Along with omitting crucial information about many of those defined as civilians, the Guardian piece fails to inform its readers about alternate casualty figures from less visibly partisan groups, news services and the Israeli government, which have determined that from half to as many as 90 percent of the fatalities were combatants.
• Ibrahim Barzak, Gaza correspondent for the Associated Press, wrote on Sept. 8 that “the [Israeli] offensive has killed more than 200 Palestinians, most of them gunmen.”
• Yediot Aharanot, a mass-circulation Israeli newspaper, on Sept. 15 reported, “since Shalit’s kidnapping some 228 Palestnians were killed, 208 of them were terrorists, IDF data show. About 451 gunmen were injured in IDF incursions into Gaza.”
• Reuters recently reported that of the “More than 270 Palestinians have been killed in the offensive, about half of them civilians.” (Nidal al-Mughrabi, 10/31)
• On Sept. 12, the International Committee for the Red Cross, citing “official Palestinian sources,” claimed that “Since 26 June an estimated 226 Palestinians have been killed as a result of Israeli military operations. According to official Palestinian sources, 118 of the dead, including 80 women and children, were civilians.(Gaza – ICRC Bulletin No. 06 / 2006)
• The Qatar News Agency reported on September 9 that “the Israeli offensive has killed around 210 Palestinians, about half of them civilians since June 25.”
The Guardian‘s reliance on a partisan source for its casualty statistics, compounded by its failure to explain how the civilian toll was calculated stands in sharp contrast with how these news sources and groups handled the question of casualties.
The tactic of manipulating casualty figures by categorizing armed fighters as civilians is not new. CAMERA previously investigated similar instances of categorizing armed militants as civilians by organizations sympathetic to the Palestinians such as B’tselem.

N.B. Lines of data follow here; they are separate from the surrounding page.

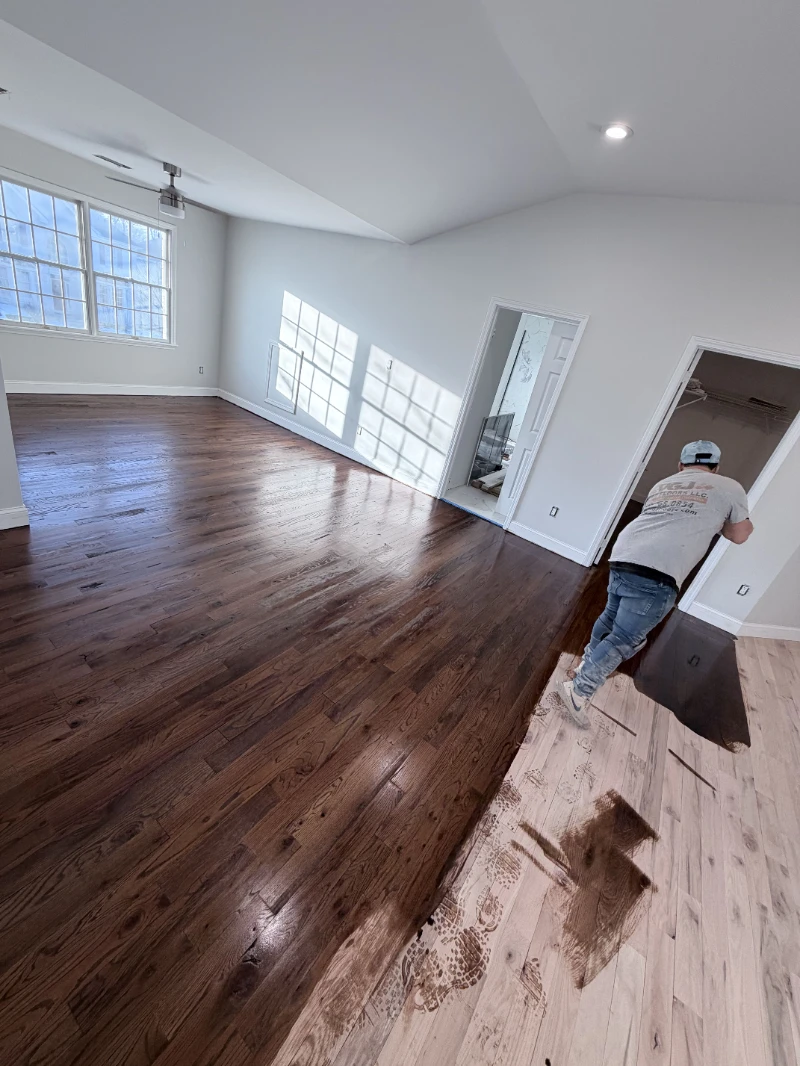 VGJ Floors Covering crew refinishing a hardwood floor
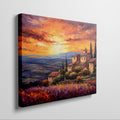 Framed canvas print of an Impressionist Tuscan landscape with a vibrant sunset sky, overlooking lavender fields and rustic houses.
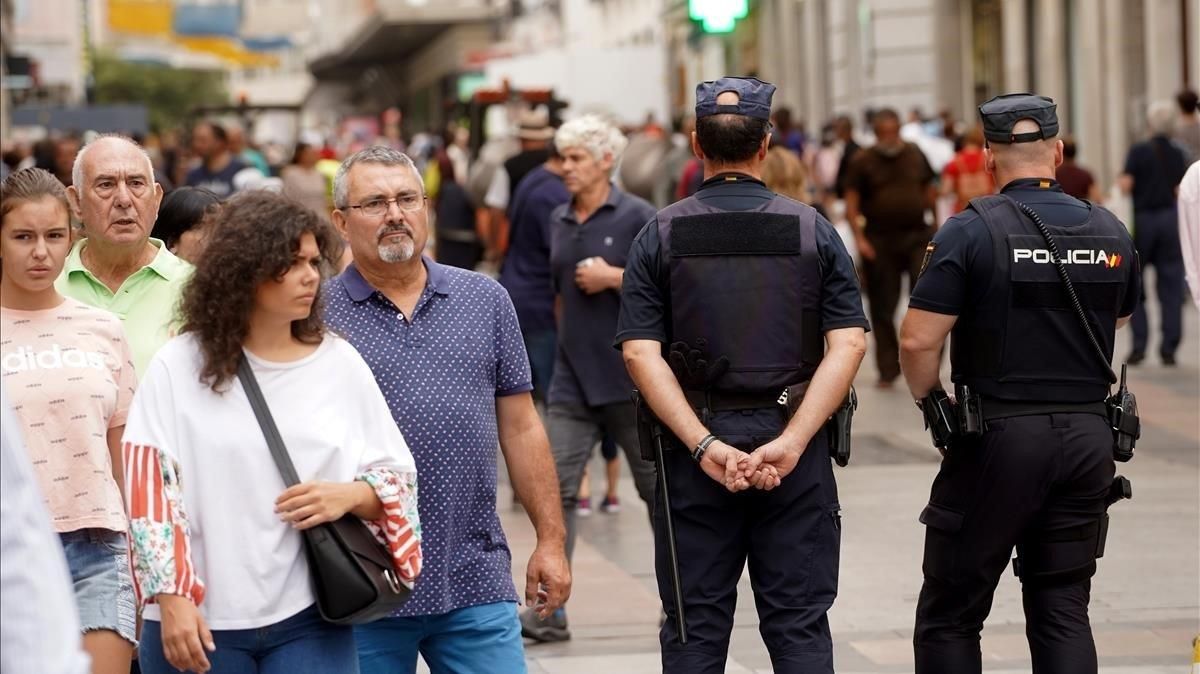Dos policías nacionales patrullan por la calle Preciados, eje comercial y turístico del centro de Madrid. Dos policías nacionales patrullan por la calle Preciados, eje comercial y turístico del centro de Madrid.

More recently, prominent news organizations accepted figures by Lebanese authorities alleging that the overwhelming majority of Lebanese casualties resulting from the recent war between Israel and Hezbollah were civilians, despite contradictory evidence.
It is the responsibility of the news media and human rights organizations to explain how the casualty figures provided to them are calculated and to invest the time and effort needed to assess their credibility before repeating them as fact.